2. Creating an Intermediate CA

homepki intermediate-ca --domain runlocal.dev --name bu1

# List intermediate CAs (table, default)
homepki intermediate-ca list --domain runlocal.dev

# List as JSON
homepki intermediate-ca list --domain runlocal.dev -o json

This creates:

  • Intermediate CA private key and certificate signed by the root CA
  • Certificate chain file ({name}-intermediate-ca-chain.crt)
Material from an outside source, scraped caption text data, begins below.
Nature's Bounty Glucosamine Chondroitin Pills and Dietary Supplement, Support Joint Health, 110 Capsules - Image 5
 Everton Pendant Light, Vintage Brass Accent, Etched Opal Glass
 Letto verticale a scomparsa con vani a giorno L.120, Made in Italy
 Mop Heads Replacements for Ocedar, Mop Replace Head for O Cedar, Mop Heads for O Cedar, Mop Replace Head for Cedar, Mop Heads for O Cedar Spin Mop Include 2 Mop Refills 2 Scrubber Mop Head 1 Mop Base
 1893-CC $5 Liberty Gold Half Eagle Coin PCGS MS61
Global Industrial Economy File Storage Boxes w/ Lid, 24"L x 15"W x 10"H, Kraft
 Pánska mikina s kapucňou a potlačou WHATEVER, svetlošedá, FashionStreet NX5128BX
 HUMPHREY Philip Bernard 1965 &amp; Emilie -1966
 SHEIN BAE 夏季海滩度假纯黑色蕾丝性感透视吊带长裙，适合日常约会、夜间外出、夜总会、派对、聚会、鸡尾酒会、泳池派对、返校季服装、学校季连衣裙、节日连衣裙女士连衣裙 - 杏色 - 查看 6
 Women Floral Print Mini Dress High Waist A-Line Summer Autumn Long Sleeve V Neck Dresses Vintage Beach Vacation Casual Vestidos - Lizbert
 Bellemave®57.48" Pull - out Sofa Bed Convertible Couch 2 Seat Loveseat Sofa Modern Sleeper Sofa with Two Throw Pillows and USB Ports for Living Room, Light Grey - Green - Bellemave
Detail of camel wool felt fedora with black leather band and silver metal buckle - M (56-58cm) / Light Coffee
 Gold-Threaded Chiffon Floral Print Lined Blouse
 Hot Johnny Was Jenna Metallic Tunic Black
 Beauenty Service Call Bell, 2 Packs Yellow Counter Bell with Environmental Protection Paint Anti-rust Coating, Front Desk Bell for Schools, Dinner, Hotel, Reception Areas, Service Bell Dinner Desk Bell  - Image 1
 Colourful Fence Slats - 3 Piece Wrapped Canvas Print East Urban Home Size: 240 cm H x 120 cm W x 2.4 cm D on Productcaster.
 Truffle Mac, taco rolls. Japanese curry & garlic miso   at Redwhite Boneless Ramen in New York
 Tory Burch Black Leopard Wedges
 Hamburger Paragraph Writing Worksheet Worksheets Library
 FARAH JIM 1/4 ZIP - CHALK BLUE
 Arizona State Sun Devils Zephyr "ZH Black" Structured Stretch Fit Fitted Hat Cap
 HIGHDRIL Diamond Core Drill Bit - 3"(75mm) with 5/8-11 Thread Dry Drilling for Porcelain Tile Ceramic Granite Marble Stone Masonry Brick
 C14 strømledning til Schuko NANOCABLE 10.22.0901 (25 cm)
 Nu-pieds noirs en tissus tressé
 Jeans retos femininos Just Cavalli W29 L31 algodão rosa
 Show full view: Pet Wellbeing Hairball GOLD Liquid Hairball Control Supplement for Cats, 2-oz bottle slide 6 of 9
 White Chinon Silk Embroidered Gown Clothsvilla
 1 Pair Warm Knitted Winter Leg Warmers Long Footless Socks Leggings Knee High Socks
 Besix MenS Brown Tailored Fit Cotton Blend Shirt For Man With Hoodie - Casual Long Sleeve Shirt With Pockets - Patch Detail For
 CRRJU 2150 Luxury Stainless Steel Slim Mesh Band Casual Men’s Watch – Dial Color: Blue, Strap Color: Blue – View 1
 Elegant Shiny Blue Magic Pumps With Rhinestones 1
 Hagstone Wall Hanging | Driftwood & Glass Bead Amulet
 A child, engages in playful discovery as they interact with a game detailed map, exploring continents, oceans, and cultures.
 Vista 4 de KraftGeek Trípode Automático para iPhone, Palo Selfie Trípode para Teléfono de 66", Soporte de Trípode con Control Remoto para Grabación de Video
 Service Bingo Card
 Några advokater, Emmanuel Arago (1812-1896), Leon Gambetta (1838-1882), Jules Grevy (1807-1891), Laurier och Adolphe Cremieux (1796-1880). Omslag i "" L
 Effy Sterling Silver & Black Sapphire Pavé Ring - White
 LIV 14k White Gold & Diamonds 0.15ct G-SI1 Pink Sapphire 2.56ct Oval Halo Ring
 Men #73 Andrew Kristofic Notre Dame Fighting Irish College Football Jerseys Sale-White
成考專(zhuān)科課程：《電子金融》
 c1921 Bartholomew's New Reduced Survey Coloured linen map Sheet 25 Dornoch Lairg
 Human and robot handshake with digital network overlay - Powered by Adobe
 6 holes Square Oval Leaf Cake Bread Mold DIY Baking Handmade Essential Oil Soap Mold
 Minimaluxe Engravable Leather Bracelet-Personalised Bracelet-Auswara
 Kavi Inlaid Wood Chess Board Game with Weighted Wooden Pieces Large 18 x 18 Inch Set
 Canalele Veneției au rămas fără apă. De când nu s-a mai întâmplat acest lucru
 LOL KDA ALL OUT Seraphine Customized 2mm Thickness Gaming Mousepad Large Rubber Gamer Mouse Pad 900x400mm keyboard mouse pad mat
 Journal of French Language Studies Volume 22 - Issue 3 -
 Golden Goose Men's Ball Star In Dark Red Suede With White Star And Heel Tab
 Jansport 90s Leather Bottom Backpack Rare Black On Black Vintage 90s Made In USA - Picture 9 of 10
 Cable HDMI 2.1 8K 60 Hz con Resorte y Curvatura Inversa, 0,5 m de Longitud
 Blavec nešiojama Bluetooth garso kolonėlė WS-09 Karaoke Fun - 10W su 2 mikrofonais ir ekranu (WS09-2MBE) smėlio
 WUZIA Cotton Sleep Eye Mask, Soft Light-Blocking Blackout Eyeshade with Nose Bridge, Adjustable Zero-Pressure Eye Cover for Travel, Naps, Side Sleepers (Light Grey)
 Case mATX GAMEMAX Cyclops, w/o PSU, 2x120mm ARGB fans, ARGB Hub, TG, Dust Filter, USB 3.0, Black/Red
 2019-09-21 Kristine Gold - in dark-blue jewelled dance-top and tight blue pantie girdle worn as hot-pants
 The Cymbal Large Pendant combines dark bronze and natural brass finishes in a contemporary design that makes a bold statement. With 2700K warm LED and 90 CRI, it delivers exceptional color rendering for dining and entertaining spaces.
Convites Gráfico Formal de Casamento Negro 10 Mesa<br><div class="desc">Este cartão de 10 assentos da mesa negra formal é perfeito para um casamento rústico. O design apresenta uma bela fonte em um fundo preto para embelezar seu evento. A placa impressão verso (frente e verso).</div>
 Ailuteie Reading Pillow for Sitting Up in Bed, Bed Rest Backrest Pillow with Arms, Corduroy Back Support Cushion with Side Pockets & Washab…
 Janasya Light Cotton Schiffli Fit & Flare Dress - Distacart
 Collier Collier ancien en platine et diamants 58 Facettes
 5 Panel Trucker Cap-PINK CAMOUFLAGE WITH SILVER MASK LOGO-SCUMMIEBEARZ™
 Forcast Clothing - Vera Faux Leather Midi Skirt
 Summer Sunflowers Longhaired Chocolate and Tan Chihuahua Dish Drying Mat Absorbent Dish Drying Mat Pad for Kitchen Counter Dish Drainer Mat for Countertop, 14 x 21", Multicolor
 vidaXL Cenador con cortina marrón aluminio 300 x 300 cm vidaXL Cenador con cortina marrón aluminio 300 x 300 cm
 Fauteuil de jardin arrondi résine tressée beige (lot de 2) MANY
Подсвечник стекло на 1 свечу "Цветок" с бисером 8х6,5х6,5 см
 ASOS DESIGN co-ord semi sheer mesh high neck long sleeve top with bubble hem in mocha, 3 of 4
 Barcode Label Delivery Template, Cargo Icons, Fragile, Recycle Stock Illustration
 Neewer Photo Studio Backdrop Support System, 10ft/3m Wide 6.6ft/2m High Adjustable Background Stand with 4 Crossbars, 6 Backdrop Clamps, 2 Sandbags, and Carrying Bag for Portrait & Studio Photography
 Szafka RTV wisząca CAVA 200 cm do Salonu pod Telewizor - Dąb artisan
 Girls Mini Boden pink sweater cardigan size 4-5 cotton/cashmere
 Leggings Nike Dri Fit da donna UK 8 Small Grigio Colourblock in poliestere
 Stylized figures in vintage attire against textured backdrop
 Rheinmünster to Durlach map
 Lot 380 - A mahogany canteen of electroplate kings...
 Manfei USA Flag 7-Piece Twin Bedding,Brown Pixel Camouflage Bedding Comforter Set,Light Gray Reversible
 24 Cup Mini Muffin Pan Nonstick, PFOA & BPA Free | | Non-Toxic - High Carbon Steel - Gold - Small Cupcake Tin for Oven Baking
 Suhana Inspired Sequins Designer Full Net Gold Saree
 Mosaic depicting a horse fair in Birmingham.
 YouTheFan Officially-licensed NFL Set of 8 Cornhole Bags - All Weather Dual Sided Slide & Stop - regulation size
3. Creating Server Certificates

homepki server-cert --domain runlocal.dev --intermediate bu1 --server kong-gateway

# List server certificates (table, default)
homepki server-cert list --domain runlocal.dev --intermediate bu1

# List as JSON
homepki server-cert list --domain runlocal.dev --intermediate bu1 -o json

4. Creating Client Certificates

homepki client-cert --domain runlocal.dev --intermediate bu1 --client my-service

# List client certificates (table, default)
homepki client-cert list --domain runlocal.dev --intermediate bu1

# List as JSON
homepki client-cert list --domain runlocal.dev --intermediate bu1 -o json

Listing and Chain Verification

All list subcommands verify the certificate's chain of trust and support two output formats via -o/--output:

Format Description
table Human-readable table with coloured chain status (default)
json Machine-readable JSON array, no extra output

Chain validity is checked at list time:

  • root-ca list — verifies each root cert is validly self-signed
  • intermediate-ca list — verifies the intermediate was signed by the root CA
  • server-cert list / client-cert list — verifies the leaf cert chains through the intermediate to the root CA

Example JSON output:

[
  {
    "name": "kong-gateway.crt",
    "expires": "2027-04-01",
    "days_left": 360,
    "chain_valid": true
  },
  {
    "name": "old.crt",
    "expires": "2025-01-01",
    "days_left": -270,
    "chain_valid": false,
    "chain_error": "x509: certificate has expired or is not yet valid"
  }
]

Security Features

  • 2048-bit RSA keys for strong encryption
  • UTF-8 encoding for international character support
  • Proper file permissions (700 for private directories)
  • Certificate database tracking for revocation management
  • Serial number management for unique certificate identification
  • Chain verification on all list commands

File Organization

Root CA Structure

{domain-name}/
├── ca/
│   ├── {domain-name}-root-ca.crt     # Root certificate
│   └── private/                      # Protected private keys
│       └── {domain-name}-root-ca.key # Root private key

Intermediate CA Structure

{domain-name}/
└── {organization}/
    ├── {org}-intermediate-ca.crt     # Intermediate certificate
    ├── {org}-intermediate-ca-chain.crt # Certificate chain
    ├── server-tls/                   # Server certificates
    ├── client-tls/                   # Client certificates
    └── private/                      # Protected private keys
        └── {org}-intermediate-ca.key # Intermediate private key

Defaults

  • Key size: 2048-bit RSA
  • Digest: SHA-256
  • Validity: 365 days for leaf certs, 2190 days (~6 years) for CAs
  • Extensions: Proper X.509 extensions for CA and end-entity certificates

Best Practices

  1. Secure storage: Keep private keys in secure, encrypted storage
  2. Access control: Limit access to CA private keys
  3. Backup: Regularly backup CA certificates and keys
  4. Rotation: Plan for certificate renewal and CA rotation
  5. Monitoring: Track certificate expiration dates

Troubleshooting

Common Issues

  1. Permission denied: Ensure proper file permissions on private directories
  2. Certificate validation: Check certificate chains and trust relationships
  3. Expired certificates: Monitor and renew certificates before expiration
  4. Configuration errors: Validate OpenSSL configuration syntax

Verification Commands

# Inspect a certificate
openssl x509 -in certificate.crt -text -noout

# Manually verify a certificate chain
openssl verify -CAfile root-ca.crt -untrusted intermediate-ca.crt end-entity.crt

# Check a private key
openssl rsa -in private-key.key -check

License

MIT — see LICENSE.

Contributing

  1. Test changes thoroughly in isolated environments
  2. Follow existing naming conventions
  3. Ensure security best practices are maintained

About

Manage your own PKI for home labs. Manage root, intermediate and leaf certificates. Client certs are supported, too.